-- TASK ITEM --
Repeat the records in full, exactly.

[Brief descriptive captions]

- - - - -

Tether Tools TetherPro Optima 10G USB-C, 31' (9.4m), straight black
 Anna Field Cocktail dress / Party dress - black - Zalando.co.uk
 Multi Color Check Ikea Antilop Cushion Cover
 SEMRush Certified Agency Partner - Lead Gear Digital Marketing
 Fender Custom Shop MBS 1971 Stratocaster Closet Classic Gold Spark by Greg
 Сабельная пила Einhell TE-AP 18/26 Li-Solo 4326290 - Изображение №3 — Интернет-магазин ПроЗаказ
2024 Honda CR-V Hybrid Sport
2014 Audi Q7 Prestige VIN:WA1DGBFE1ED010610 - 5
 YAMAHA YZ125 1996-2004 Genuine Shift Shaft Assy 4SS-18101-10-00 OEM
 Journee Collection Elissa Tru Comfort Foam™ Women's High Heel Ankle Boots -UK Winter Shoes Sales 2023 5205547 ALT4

- - - - -

-- YOUR SOLUTION --
Tether Tools TetherPro Optima 10G USB-C, 31' (9.4m), straight black
 Anna Field Cocktail dress / Party dress - black - Zalando.co.uk
 Multi Color Check Ikea Antilop Cushion Cover
 SEMRush Certified Agency Partner - Lead Gear Digital Marketing
 Fender Custom Shop MBS 1971 Stratocaster Closet Classic Gold Spark by Greg
 Сабельная пила Einhell TE-AP 18/26 Li-Solo 4326290 - Изображение №3 — Интернет-магазин ПроЗаказ
2024 Honda CR-V Hybrid Sport
2014 Audi Q7 Prestige VIN:WA1DGBFE1ED010610 - 5
 YAMAHA YZ125 1996-2004 Genuine Shift Shaft Assy 4SS-18101-10-00 OEM
 Journee Collection Elissa Tru Comfort Foam™ Women's High Heel Ankle Boots -UK Winter Shoes Sales 2023 5205547 ALT4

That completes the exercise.